• Task instructions: Only those lines in the data below from the line containing "Crystal McKinnon" through the line containing "Boogie donates to", both included, should be restated word for word.

• Records for this exercise:
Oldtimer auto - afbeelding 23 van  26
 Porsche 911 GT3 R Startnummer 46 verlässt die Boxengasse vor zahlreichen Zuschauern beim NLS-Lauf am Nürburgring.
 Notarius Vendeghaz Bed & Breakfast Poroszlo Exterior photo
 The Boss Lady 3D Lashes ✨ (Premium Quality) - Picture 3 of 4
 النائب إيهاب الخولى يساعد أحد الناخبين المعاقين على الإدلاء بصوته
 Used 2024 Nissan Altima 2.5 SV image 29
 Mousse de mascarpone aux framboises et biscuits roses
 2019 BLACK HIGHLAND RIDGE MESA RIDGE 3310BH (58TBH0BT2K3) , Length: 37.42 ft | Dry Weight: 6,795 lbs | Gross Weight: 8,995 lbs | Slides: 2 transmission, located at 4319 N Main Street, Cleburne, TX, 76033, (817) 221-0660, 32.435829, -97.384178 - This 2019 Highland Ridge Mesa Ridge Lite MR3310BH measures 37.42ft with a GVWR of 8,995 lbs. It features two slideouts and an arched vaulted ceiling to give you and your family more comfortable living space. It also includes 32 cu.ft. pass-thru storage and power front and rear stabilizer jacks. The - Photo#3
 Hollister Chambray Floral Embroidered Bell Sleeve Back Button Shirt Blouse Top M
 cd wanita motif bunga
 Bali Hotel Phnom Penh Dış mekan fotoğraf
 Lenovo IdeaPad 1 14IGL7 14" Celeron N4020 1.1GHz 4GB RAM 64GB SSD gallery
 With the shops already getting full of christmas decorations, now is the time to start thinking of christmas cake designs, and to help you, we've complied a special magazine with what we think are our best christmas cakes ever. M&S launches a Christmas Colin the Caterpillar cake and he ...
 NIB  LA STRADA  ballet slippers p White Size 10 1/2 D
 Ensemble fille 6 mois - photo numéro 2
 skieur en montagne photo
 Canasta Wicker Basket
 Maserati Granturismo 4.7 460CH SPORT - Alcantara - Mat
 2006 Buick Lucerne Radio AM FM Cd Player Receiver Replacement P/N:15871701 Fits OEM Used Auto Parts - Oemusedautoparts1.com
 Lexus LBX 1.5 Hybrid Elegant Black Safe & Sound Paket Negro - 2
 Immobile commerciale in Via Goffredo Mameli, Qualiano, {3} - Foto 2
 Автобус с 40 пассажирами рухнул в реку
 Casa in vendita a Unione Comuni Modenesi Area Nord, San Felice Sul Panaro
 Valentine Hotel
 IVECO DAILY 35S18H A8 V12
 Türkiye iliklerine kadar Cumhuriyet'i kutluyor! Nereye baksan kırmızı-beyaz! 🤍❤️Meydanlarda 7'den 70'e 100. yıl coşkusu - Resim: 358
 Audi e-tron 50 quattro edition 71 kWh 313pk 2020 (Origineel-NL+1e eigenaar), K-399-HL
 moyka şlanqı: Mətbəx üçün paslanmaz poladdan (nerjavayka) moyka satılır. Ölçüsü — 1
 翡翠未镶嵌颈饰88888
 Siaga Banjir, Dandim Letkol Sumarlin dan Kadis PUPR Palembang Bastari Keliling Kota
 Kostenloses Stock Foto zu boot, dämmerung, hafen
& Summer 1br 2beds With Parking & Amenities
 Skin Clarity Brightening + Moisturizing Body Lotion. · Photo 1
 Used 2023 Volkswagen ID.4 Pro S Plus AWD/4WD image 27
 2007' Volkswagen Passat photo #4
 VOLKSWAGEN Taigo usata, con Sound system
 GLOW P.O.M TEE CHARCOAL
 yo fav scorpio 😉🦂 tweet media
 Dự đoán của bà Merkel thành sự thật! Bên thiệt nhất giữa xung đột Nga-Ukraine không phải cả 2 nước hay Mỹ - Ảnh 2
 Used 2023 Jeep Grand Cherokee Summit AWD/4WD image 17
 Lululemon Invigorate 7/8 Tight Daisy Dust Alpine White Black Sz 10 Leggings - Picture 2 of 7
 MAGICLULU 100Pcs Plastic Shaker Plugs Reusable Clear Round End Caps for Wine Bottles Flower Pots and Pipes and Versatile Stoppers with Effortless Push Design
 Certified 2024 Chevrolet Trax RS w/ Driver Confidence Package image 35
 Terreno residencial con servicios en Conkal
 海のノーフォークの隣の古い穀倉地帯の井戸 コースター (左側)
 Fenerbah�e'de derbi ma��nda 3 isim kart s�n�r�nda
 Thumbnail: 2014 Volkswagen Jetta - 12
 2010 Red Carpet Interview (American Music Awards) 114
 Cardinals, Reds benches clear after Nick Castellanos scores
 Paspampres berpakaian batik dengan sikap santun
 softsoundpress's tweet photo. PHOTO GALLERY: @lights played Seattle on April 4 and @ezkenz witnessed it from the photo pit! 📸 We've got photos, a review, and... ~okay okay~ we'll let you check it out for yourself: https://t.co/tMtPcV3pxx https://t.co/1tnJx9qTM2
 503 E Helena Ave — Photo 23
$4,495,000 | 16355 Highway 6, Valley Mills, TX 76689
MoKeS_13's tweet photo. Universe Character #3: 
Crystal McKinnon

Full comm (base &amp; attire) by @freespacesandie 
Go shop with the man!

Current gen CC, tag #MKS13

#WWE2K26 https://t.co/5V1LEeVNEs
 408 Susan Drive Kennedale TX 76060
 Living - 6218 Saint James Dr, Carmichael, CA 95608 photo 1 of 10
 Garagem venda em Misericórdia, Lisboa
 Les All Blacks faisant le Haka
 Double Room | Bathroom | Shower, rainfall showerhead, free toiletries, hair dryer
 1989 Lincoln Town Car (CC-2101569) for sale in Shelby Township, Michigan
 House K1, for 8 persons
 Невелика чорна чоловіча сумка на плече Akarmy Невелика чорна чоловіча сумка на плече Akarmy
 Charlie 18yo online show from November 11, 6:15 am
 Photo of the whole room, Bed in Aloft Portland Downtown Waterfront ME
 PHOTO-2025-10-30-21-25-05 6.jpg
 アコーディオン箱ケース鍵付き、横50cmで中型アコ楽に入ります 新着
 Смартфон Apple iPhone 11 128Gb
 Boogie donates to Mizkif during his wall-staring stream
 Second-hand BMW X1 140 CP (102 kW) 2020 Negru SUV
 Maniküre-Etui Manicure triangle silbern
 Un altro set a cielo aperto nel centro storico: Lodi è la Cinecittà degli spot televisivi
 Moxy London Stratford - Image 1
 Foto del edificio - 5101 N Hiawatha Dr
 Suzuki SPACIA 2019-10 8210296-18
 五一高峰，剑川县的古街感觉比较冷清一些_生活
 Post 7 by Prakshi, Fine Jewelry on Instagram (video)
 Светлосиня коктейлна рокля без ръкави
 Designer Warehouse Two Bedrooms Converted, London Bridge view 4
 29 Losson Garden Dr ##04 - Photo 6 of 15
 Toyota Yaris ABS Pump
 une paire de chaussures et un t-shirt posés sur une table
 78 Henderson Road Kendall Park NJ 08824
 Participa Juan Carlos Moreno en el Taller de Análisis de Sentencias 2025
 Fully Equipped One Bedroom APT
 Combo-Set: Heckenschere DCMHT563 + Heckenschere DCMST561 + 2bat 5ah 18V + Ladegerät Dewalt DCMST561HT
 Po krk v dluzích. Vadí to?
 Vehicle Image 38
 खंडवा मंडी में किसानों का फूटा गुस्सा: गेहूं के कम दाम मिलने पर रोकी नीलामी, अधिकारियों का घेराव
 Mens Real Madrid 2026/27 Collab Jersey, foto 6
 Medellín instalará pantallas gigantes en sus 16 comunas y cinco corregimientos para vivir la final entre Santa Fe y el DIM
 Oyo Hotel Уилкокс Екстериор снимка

• Exercise answer:
Crystal McKinnon

Full comm (base &amp; attire) by @freespacesandie 
Go shop with the man!

Current gen CC, tag #MKS13

#WWE2K26 https://t.co/5V1LEeVNEs
 408 Susan Drive Kennedale TX 76060
 Living - 6218 Saint James Dr, Carmichael, CA 95608 photo 1 of 10
 Garagem venda em Misericórdia, Lisboa
 Les All Blacks faisant le Haka
 Double Room | Bathroom | Shower, rainfall showerhead, free toiletries, hair dryer
 1989 Lincoln Town Car (CC-2101569) for sale in Shelby Township, Michigan
 House K1, for 8 persons
 Невелика чорна чоловіча сумка на плече Akarmy Невелика чорна чоловіча сумка на плече Akarmy
 Charlie 18yo online show from November 11, 6:15 am
 Photo of the whole room, Bed in Aloft Portland Downtown Waterfront ME
 PHOTO-2025-10-30-21-25-05 6.jpg
 アコーディオン箱ケース鍵付き、横50cmで中型アコ楽に入ります 新着
 Смартфон Apple iPhone 11 128Gb
 Boogie donates to Mizkif during his wall-staring stream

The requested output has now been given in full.